May Robbins had her son's body sent to her in Connellsville, where it has been interred ever since. He remained there somewhat in obscurity for nearly a century. There was a feature story in the Pittsburgh Tribune-Review in 2006 concerning efforts by historians to have the state put a historic marker at his grave in Connellsville. It was ultimately turned down since, as the state regarded the situation, Cannon's story was not particularly unique in spite of his hit song, and actually more typical of the time. Some efforts have continued into the 2010s, but it appears little will be done in regards to honoring Cannon in his final resting place.

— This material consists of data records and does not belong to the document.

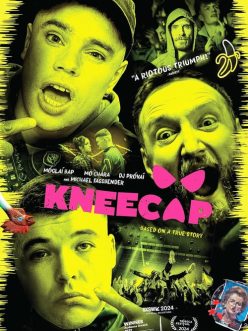 Kneecap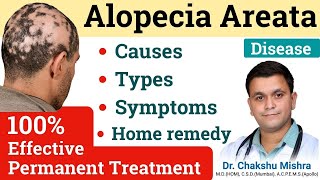 Alopecia areata homeopathic medicine Homeopathic treatment of Alopecia Areata RxHpathy [upl. by Rayburn982]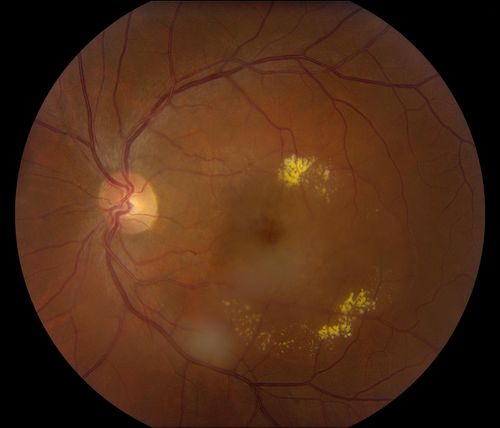 38-year old male presents with decreased vision in the left eye. VA was 20/20-right eye and 20/70-left eye with pinhole no improvement. Fundus exam shows exudates near the macula and also exudates with small hemorrhages, superior nasally in the left eye. 
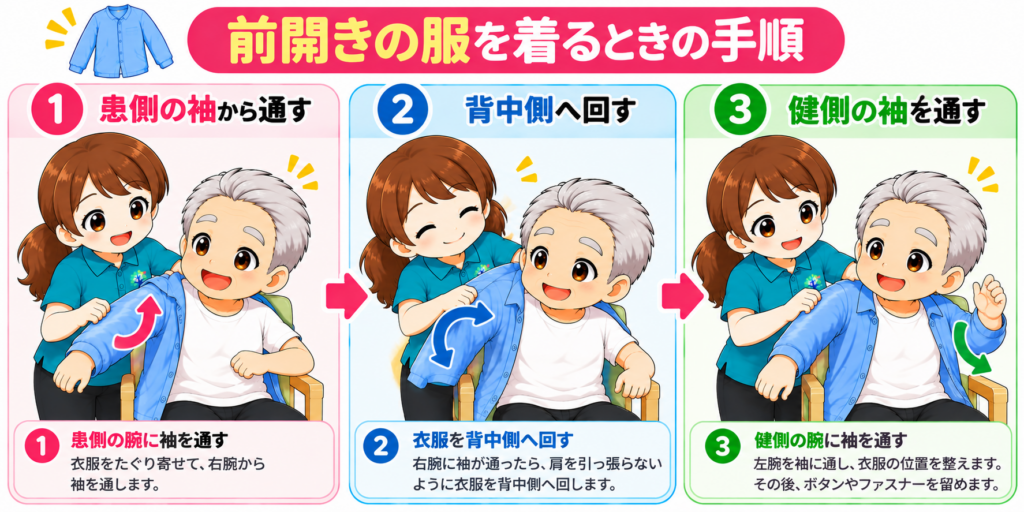 片麻痺がある高齢者の前開きの服を着る更衣介助手順。患側の右腕から袖を通し、衣服を背中側へ回してから、健側の左腕を通す3ステップをイラストで解説。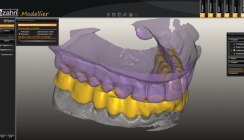 Apnoeschienen digital herstellen mittels CAD/CAM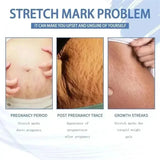 Cream For Pregnancy Stretch Marks Removal Eliminate Red White Old Stretch Marks  2025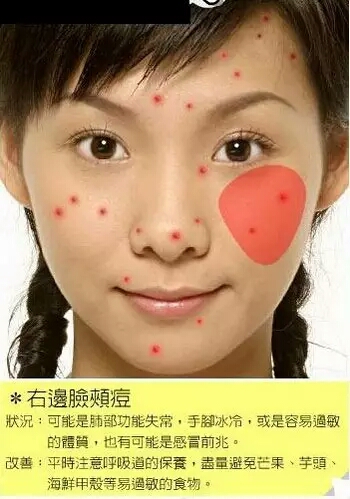 长痘痘的位置图解 长痘痘是因为什么原因引起的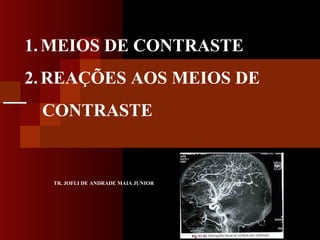 1. MEIOS DE CONTRASTE
2. REAÇÕES AOS MEIOS DE
CONTRASTE

TR. JOFLI DE ANDRADE MAIA JUNIOR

Hughie's songs, or to be more specific, that particular song, will evidently never die. Bill Bailey has been in print one way or another since its first publication, including in song books, fake books, nostalgia books, band and orchestra arrangements, and even electronic download form. It has been recorded well over 1000 times by artists ranging from Louis Armstrong to Bobby Darin, and hardly a jazz or ragtime festival goes by without at least a few performances of Bill Bailey, Won't You Please Come Home. It is one of the most recognizable tunes of the ragtime era, even by the youth of the 21st century, and remains one of the top sellers from that decade.
And what of his most famous character? Willard Bailey managed a music store in Jackson through 1908 or so. At that point he abandoned Jackson for California and Sarah went with him, in spite of their now famous and questionable marriage. He played in orchestras and taught music for several more years, but also reportedly continued his philandering. Bill Bailey was finally kicked out for good in the mid-1910s when Sarah divorced him. She then returned to Jackson and eventually married a local farmer. In the 1920 census Willard Bailey is shown as a salesman for a music store in Los Angeles, California, living with his daughter Frances and an aunt, and in 1930 at age 60 he was working in advertising. The two Baileys still appear to have remained on friendly terms through his California death in April 1954. Sarah said she finally got used to the joking about her status as Mrs. Bailey, which apparently continued until she died in a nursing home at 104 in 1978. Both of them and their creator live on more than a century later thanks to that famous ragtime song.
Most of the information here was compiled from public records, newspapers and periodicals. Some of the information on Cannon's birth and divorce were obtained from Michigan state vital records. However, without the diligent work of the late Mike Montgomery, Detroit's number one ragtime and early jazz historian and collector, some of the information compiled here might have been difficult to confirm, as he had a couple of articles and interviews which substantiated other materials located. We will miss your fine dedicated work Mike.